---------- SOURCE MATERIAL ----------
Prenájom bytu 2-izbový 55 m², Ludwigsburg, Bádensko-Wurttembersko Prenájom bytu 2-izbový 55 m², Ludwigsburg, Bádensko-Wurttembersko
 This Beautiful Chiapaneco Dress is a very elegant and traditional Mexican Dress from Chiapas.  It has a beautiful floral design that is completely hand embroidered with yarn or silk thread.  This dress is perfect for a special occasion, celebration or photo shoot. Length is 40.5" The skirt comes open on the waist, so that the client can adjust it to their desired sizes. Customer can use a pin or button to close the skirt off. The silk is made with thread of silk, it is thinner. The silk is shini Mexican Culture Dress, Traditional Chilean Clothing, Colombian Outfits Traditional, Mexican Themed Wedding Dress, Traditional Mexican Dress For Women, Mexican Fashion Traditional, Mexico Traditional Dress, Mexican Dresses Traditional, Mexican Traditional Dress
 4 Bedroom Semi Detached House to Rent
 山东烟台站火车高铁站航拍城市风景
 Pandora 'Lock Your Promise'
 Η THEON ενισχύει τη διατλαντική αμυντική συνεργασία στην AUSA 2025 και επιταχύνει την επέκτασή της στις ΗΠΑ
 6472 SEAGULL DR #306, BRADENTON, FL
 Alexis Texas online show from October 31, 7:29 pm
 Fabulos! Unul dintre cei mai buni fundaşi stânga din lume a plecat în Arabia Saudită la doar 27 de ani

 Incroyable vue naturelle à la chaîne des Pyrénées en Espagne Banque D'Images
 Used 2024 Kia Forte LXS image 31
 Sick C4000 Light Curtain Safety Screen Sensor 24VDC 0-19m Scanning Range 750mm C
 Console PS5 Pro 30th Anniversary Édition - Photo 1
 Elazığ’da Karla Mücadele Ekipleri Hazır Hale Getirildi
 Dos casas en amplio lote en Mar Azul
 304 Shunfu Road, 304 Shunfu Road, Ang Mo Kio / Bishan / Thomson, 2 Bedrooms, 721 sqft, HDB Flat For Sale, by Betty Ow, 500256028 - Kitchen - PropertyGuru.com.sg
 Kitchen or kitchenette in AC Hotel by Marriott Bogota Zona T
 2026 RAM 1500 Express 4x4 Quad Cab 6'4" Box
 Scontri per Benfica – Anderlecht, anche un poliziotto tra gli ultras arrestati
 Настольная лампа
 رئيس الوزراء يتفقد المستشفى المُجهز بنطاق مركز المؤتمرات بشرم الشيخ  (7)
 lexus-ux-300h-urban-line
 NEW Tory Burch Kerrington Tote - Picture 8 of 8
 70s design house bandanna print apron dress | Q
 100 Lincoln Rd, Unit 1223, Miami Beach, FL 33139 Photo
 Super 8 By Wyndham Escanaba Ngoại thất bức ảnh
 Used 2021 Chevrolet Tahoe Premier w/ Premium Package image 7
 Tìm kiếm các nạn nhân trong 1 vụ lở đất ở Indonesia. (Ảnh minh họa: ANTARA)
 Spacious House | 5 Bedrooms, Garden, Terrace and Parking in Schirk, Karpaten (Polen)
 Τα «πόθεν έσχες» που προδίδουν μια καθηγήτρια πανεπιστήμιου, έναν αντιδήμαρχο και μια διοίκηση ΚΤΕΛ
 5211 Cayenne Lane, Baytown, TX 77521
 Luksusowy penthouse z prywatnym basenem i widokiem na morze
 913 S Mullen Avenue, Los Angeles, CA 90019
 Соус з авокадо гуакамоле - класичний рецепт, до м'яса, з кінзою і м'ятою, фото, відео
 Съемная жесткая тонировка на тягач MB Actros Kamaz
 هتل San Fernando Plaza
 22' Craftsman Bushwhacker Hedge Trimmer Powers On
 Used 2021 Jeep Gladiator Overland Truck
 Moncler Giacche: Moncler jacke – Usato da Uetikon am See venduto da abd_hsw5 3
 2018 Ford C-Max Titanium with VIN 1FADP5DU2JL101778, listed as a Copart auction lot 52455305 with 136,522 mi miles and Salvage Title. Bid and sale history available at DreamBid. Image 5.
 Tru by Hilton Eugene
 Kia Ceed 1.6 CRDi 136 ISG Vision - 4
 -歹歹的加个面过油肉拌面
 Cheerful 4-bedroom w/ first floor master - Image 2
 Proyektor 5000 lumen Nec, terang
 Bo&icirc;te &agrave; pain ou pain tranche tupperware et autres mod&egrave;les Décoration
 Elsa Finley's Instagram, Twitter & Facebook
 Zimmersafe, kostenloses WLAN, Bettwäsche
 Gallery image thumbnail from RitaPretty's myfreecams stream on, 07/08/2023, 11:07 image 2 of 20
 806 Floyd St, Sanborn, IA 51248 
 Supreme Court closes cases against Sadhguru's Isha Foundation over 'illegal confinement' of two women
----------
- _EXERCISE GOAL_:
Write out the lines above from the one containing "Bo&icirc;te &agrave; pain" through the last, exactly as they are.

- _ANSWER TO THE EXERCISE_:
 Bo&icirc;te &agrave; pain ou pain tranche tupperware et autres mod&egrave;les Décoration
 Elsa Finley's Instagram, Twitter & Facebook
 Zimmersafe, kostenloses WLAN, Bettwäsche
 Gallery image thumbnail from RitaPretty's myfreecams stream on, 07/08/2023, 11:07 image 2 of 20
 806 Floyd St, Sanborn, IA 51248 
 Supreme Court closes cases against Sadhguru's Isha Foundation over 'illegal confinement' of two women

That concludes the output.